In 2021, financial regulator BaFin ordered the online bank to cap the number of new customers it takes on at 50,000 per month, down from a monthly average of 170,000 at the time. The cap was raised to 60,000 last year and will be lifted starting in June, according to N26. BaFin declined to comment.
Last week, the regulator revealed it had fined the bank €9.2 million for persistently late filing of suspicious activity reports in 2022. The fine follows a previous €4.25 million fine in 2021 for similar issues in previous years. An independent monitor who oversees N26’s anti-money laundering controls on behalf of BaFin will remain in place, according to people familiar with the situation.
N26 According to Stalf, the direct costs of the case amount to 100 million euros, including expenses for control functions and monitoring systems, as well as fines. But the indirect costs are much higher.
“The impact on N26 is probably billions of euros, because it has lowered the valuation of the company because we have not been able to grow,” he said. In its last funding round in 2021 – before BaFin announced it was taking action – N26 was valued at €7.7 billion.
Stalf said he was “pleased with the confidence of our regulators” and stressed that the bank’s priorities had changed since 2021, meaning it would not return to its previous expansion spree.
“Our main priority will not be growth but customer profitability and market attractiveness,” he told the FT, adding that N26 wanted to create “a sustainable and profitable customer portfolio in the long term”.
He stressed that the company would “of course” grow from June, but declined to give a specific expansion target.
The business dynamics were also in its favour, he said, saying N26 had “very strong demand” for its digital bank services and that “the market has not been cornered by our competitors over the last two and a half years.”
According to him, N26 is on track to become profitable in the second half of this year. Last year, it halved its losses to €100 million and recorded a 27% increase in turnover to more than €300 million. This year, it hopes to increase its turnover by up to 35%, according to Stalf.

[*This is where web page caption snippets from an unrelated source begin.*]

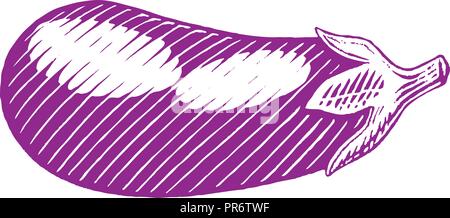 Illustration of Purple Vectorized Ink Sketch of Eggplant isolated on a White Background Stock Vector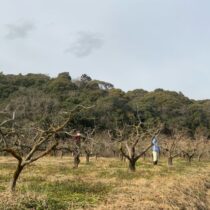 次郎柿の剪定作業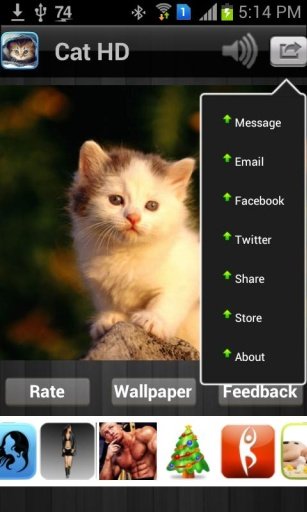 Cat HD Wallpaper Free截图5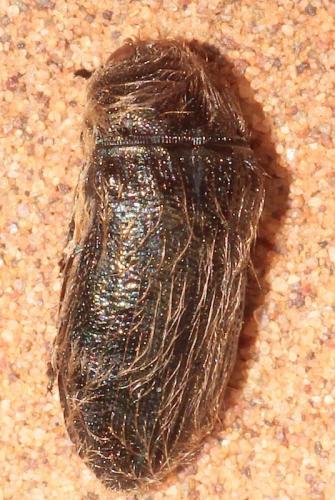 Acmaeoderella sp.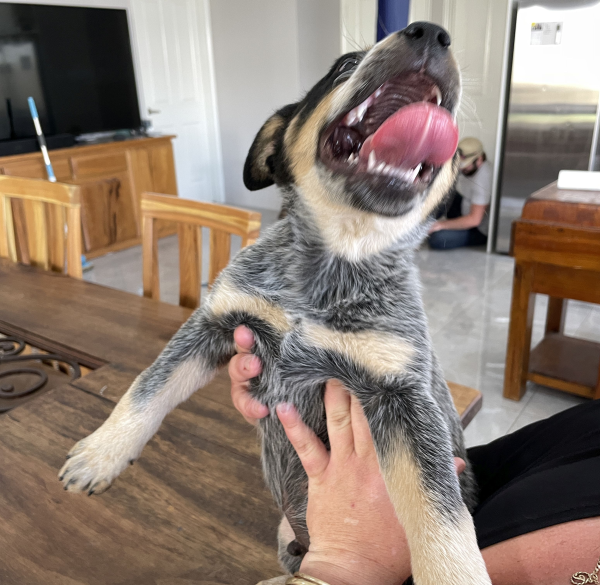 a-cattle-dog-male-puppy-for-sale-named-boots-october-2024-image-4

The company was founded in 2013 and has 8 million customers in 24 European countries, but in recent years it has backed off some of its international expansion plans, leaving the UK, US and Brazil.
It initially offered checking accounts, but has recently expanded into brokerage services and savings accounts.
Stalf said that N26 “has learned a lot over the past two and a half years through close cooperation with the regulator” and that this experience would be “useful for our next steps towards an IPO”.